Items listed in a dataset
"""

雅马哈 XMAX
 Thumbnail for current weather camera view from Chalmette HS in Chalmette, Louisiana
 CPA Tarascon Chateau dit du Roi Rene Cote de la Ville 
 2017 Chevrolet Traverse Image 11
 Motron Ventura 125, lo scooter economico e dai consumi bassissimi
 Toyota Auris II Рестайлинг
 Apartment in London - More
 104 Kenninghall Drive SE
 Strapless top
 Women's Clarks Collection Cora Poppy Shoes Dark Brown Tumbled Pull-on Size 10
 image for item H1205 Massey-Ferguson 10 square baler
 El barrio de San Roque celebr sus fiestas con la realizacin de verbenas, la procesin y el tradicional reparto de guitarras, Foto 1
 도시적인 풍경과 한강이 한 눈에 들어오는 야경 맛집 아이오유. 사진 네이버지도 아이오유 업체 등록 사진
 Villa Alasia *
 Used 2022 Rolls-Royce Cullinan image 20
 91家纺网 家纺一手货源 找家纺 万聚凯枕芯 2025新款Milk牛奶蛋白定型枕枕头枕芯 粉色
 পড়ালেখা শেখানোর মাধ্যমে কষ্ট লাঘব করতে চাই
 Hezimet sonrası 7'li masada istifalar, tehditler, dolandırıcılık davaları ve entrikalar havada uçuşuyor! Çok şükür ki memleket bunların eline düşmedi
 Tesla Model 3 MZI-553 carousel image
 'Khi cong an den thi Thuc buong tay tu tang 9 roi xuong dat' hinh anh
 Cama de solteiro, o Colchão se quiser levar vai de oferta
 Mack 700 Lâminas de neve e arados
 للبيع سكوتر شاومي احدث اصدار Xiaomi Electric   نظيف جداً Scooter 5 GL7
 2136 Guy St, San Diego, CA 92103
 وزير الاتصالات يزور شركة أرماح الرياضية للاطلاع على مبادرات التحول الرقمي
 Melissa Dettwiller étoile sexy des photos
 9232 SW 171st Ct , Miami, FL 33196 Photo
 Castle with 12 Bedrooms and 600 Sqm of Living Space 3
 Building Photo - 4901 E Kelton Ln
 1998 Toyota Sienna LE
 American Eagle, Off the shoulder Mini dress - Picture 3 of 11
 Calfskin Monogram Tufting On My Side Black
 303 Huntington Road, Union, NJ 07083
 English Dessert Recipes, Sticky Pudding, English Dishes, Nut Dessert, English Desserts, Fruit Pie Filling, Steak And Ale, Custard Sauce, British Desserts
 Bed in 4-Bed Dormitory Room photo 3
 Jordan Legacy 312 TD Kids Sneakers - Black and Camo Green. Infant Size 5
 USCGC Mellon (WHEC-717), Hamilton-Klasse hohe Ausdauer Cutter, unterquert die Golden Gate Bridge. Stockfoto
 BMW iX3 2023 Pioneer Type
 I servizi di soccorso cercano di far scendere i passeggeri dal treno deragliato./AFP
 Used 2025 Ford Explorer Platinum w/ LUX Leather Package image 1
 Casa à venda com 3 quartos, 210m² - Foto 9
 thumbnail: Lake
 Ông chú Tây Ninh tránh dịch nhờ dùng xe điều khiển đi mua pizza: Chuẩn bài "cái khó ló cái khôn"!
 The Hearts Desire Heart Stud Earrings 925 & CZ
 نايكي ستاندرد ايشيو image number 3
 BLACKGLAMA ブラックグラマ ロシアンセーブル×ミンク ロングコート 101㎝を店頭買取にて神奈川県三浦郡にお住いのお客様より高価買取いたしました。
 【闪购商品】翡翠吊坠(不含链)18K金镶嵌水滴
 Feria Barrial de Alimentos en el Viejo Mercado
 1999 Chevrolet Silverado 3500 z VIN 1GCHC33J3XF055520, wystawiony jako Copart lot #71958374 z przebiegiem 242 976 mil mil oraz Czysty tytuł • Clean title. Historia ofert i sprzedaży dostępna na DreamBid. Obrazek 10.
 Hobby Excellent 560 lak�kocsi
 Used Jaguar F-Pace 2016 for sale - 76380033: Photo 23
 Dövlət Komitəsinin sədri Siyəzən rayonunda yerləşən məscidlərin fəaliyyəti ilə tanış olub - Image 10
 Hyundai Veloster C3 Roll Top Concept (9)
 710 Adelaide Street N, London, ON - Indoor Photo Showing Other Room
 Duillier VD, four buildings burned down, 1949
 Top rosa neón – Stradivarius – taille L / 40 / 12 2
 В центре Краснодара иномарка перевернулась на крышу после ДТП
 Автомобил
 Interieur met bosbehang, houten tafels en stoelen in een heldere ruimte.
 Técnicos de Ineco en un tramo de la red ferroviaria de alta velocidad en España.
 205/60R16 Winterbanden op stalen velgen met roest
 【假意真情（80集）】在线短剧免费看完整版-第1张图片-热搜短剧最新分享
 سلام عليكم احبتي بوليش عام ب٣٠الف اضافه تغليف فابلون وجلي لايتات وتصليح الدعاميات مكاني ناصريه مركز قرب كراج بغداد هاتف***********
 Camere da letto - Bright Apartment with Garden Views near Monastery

"""

[Task to carry out]:
Above are the records; repeat exactly the lines from the one holding "Toyota Auris II Рестайлинг" down to the one holding "91家纺网 家纺一手货源 找家纺", end lines included.

[Written reply]:
 Toyota Auris II Рестайлинг
 Apartment in London - More
 104 Kenninghall Drive SE
 Strapless top
 Women's Clarks Collection Cora Poppy Shoes Dark Brown Tumbled Pull-on Size 10
 image for item H1205 Massey-Ferguson 10 square baler
 El barrio de San Roque celebr sus fiestas con la realizacin de verbenas, la procesin y el tradicional reparto de guitarras, Foto 1
 도시적인 풍경과 한강이 한 눈에 들어오는 야경 맛집 아이오유. 사진 네이버지도 아이오유 업체 등록 사진
 Villa Alasia *
 Used 2022 Rolls-Royce Cullinan image 20
 91家纺网 家纺一手货源 找家纺 万聚凯枕芯 2025新款Milk牛奶蛋白定型枕枕头枕芯 粉色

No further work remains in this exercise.